Worker Wages and Health Insurance Should Be Center of Trade Debate

In an Op-Ed in today's NYT, Wiiliam Gould, chairman of the National Labor Relations Board under Clinton, makes the case that no matter who is elected in November, national governments can have little impact on slowing globalization. They can, he argues, have a significant effect on the impact of those changes domestically.

Stanford, Calif. — Wages declined and unemployment held steady last month. So at this week's convention and for the rest of the campaign, John Kerry is likely to make an issue of Americans' anxiety about jobs - and his promised insistence upon labor standards as part of future trade agreements is an astute political stance.

But from a practical standpoint, it will have almost no effect. The adoption of labor and environmental standards, while symbolically significant, will not slow America's job and income losses, and the prospect for significant international negotiations on such matters is remote.

One problem is that global wage disparities are enormous. No serious person argues that wages, economic benefits and other aspects of employment should be equal or even comparable in the industrialized and developing worlds. That is because such a policy would lead to economic devastation for the developing world, disrupting international trade and enhancing prospects for worldwide conflict.

An international minimum wage, for example, would also require that any trading partner with the United States have some form of acceptable wage. But what would the wage be, and how would it be enforced? If the United States determines such matters for itself, it risks international opprobrium for a unilateralist approach, a claim with which the Bush administration is familiar.

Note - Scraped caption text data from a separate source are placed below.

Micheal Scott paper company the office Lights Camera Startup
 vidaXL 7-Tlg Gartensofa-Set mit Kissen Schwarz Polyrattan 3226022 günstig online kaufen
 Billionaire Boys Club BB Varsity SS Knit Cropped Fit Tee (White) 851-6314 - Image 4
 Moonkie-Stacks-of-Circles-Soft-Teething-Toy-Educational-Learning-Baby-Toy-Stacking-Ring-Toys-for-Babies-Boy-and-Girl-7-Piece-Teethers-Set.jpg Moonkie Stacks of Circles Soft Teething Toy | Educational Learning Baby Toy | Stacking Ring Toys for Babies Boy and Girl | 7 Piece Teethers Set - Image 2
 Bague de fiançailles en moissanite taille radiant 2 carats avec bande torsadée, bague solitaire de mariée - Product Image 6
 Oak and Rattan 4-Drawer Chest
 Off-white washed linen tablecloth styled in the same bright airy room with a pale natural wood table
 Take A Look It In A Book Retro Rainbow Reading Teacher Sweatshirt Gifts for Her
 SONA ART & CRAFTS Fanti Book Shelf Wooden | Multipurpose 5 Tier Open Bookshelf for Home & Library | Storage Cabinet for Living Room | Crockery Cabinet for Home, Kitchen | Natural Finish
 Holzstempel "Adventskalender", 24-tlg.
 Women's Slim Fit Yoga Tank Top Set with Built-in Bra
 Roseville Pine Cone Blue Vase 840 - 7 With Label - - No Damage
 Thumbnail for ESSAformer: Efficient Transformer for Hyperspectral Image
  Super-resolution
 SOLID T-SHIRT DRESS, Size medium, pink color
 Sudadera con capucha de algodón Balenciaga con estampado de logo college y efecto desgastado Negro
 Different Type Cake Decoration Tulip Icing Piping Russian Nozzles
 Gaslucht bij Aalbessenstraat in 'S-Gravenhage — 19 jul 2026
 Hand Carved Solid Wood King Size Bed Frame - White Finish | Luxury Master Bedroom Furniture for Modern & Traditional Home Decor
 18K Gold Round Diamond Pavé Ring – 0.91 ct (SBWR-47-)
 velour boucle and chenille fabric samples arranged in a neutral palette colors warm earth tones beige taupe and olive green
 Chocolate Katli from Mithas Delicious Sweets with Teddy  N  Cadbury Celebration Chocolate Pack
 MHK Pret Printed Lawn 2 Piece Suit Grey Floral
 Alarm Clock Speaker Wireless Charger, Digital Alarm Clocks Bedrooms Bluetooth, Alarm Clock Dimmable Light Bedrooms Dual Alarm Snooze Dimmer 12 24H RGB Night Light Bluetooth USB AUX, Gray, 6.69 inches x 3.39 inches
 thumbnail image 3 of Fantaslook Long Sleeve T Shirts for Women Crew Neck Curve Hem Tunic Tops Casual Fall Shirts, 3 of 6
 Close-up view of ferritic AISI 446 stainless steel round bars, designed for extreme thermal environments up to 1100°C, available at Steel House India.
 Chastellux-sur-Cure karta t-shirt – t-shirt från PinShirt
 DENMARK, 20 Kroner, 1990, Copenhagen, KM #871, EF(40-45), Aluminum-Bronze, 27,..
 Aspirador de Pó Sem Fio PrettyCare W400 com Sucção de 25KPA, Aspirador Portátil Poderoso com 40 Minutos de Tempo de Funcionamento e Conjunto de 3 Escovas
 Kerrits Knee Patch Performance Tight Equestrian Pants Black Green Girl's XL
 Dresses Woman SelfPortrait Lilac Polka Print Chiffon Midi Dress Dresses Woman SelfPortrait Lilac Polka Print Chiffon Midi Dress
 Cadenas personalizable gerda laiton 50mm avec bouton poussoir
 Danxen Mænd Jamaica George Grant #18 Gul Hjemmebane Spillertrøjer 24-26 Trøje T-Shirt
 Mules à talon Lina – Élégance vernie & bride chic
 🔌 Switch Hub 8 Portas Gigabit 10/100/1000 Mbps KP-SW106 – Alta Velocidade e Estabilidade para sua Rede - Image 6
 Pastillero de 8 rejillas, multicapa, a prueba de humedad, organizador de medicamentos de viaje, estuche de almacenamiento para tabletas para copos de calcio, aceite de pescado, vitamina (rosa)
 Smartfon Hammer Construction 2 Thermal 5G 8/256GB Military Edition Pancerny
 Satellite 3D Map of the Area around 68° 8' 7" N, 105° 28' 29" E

But while international standards for economic matters like wages are not practical, the same cannot be said for so-called core standards that have been adopted by the International Labor Organization, an agency of the United Nations. These standards, intended to promote fair treatment of workers, are not binding. But the president and Congress could include them in future trade agreements - and even insist upon their inclusion in Nafta itself and legislation promoting trade with China.
To improve the prospects of workers in the third world, the United States could provide more foreign aid, which could then be spent on education. Yet the United States now ranks dead last among developed nations in percentage of gross domestic product devoted to foreign aid, and the political wherewithal to increase foreign aid is thus far not forthcoming.

In many ways international trade is a domestic issue: trade brings change, and change frequently means painful dislocation that can be assuaged only by social programs. In this context national health insurance makes sense, as does a wage insurance program like the one Bill Bradley advocated in 2000. What laid-off auto and steel workers need is the same as what their outsourced service and professional counterparts need: not a new trade war, but domestic legislation on health benefits and wages. That should be the focus of the trade debate in 2004.